According to the Insolvency Department, 41 Malaysians are declared bankrupt every day, with the majority of them being under the age of 44. The main reasons cited are inability to pay off car loans, poor control of credit card usage and a failure to pay off personal loans.

Earlier this year, Paige resolved to not become part of that statistic.

“Whenever I get my salary now, I pay the full amount I owe from the credit card. It’s a bit tougher on me financially, but anything is better than having a huge debt constantly looming over my head,” she said. It’s almost impossible for Paige to put aside any money for savings at the moment, but she recognises that she has no one but herself to blame for her current financial situation.
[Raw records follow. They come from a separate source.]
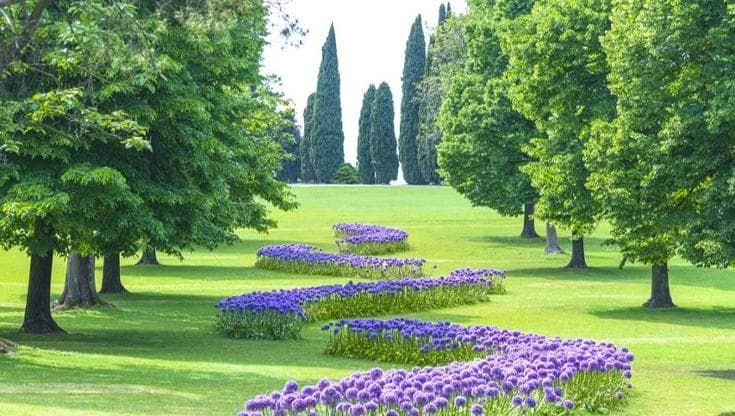 Parco Giardino Sigurtà: cosa vedere tra fioriture e paesaggi senza tempo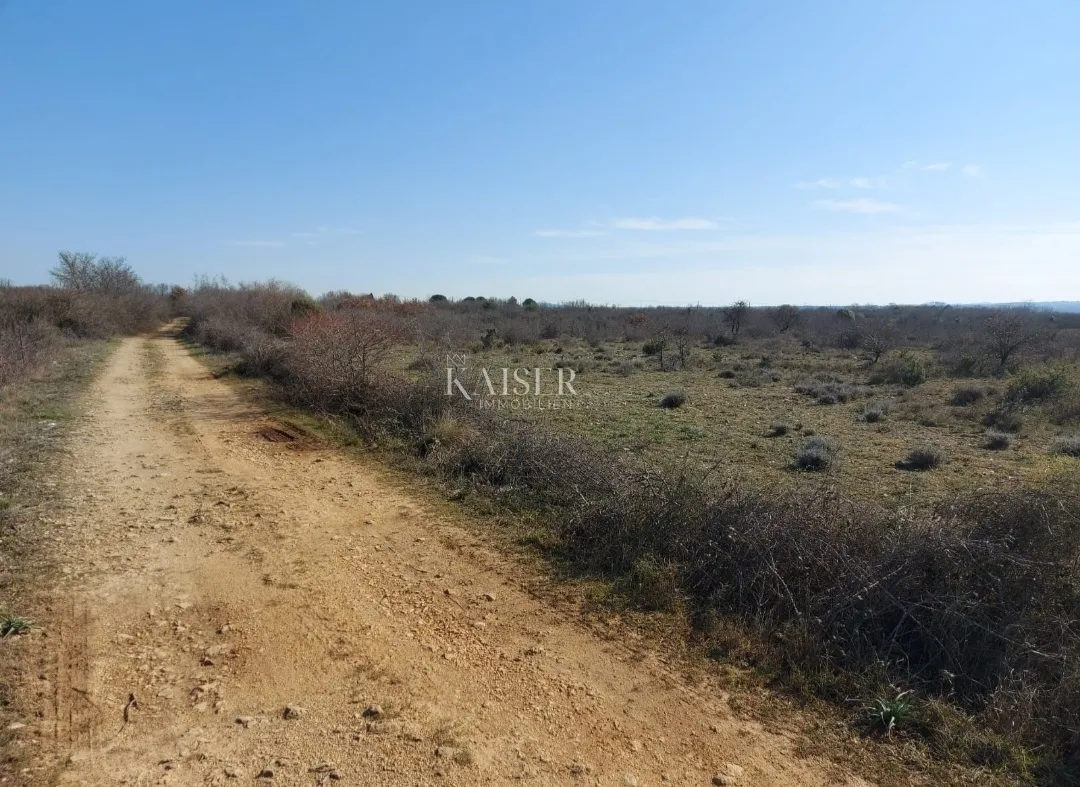 zadar, smoković,-građevinsko zemljište 12000m2 - slika 4
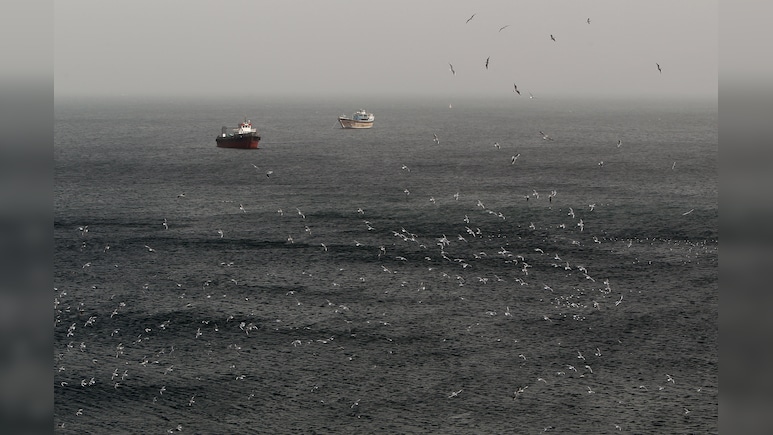 2,000 Ships, 20,000 Sailors, SOS Barrage: Hormuz Blockade's Human Cost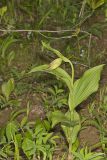 Kentucky Lady's Slipper, Cypripedium kentuckiense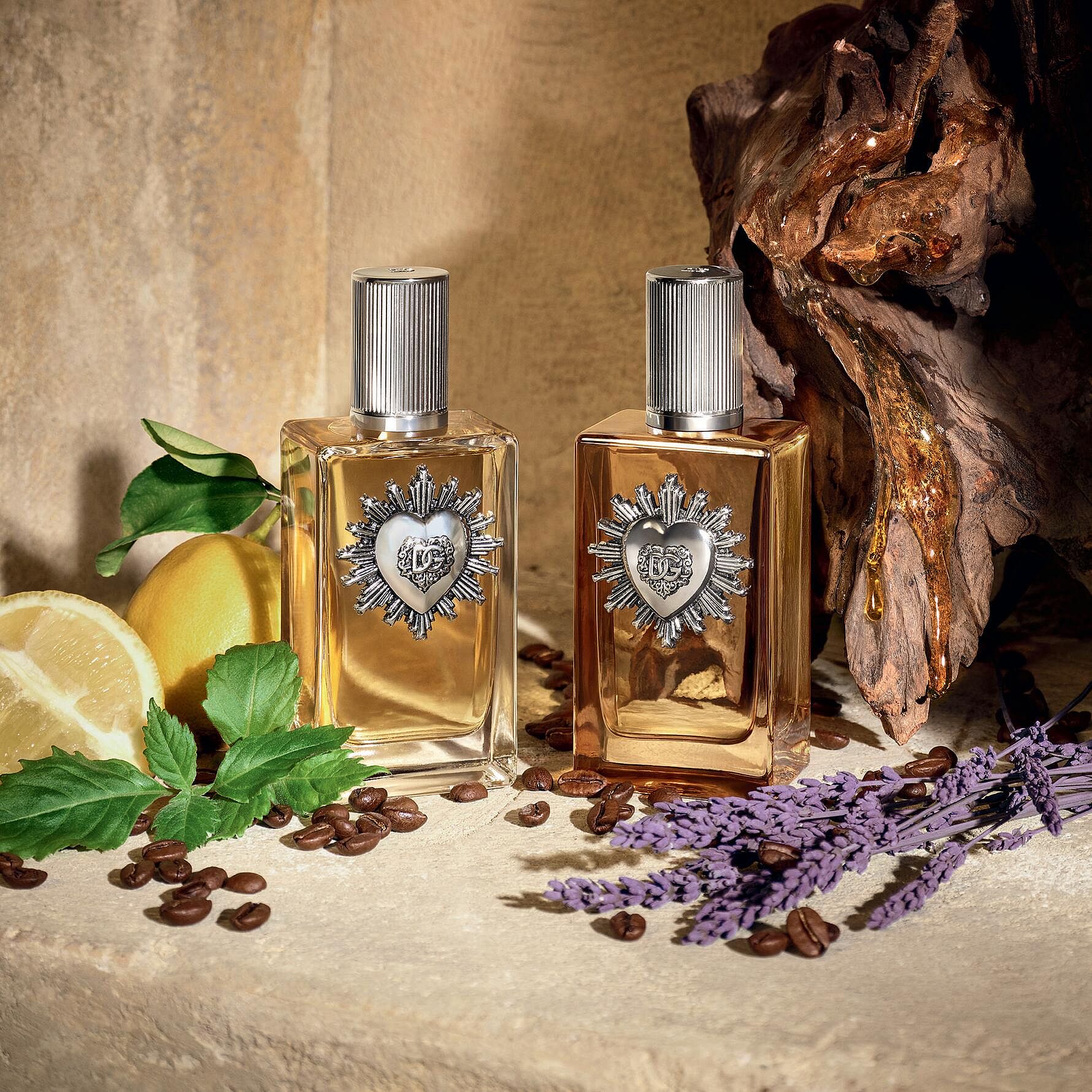 DOLCE & GABBANA DEVOTION POUR HOMME PARFUM edp vapo 100 ml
She said: “The problem is really the spending habit, not the credit card.”

Dealing with debt

The problem with young Malaysians is that too many of them do not have any financial planning skills.

Paul gives an example: “Credit cards are supposed to be a short-term convenience. You use it, then you pay it off at the end of the month. But a lot of young Malaysians are using it almost like a loan! The problem with that is it keeps adding up, and the interest rates, of course, are very high.”

The numbers Paul gets from Visa and MasterCard show that credit card usage is on the rise, but it is becoming increasingly obvious that the knowledge on how to manage them hasn’t caught up.

In 2012, Visa conducted a Financial Literacy Barometer survey on over 900 participants in Malaysia. The survey showed that one in five respondents had no savings at all, and over 70% cannot endure a personal economic emergency of over three months.

“We find that a lot of parents don’t talk about financial issues and money with their children. It’s sort of a taboo topic. Parents often worry of other how people will perceive their financial situations through hearsay therefore they prefer to keep it to themselves,” said Jason Alderman, Visa’s Global Head of Financial Education, during the launch of Visa Financial Football, an online game that helps educate young people about financial planning.

In order to catch their attention, the game will also give one lucky winner the chance to attend the Confederations Cup final in Rio de Janeiro, Brazil.

Visa Malaysia country manager Stuart Tomlinson said: “With sound knowledge on financial education, young people would become better consumers. They will be able to fully utilise their credit cards, manage their loans and avoid falling into the debt trap.”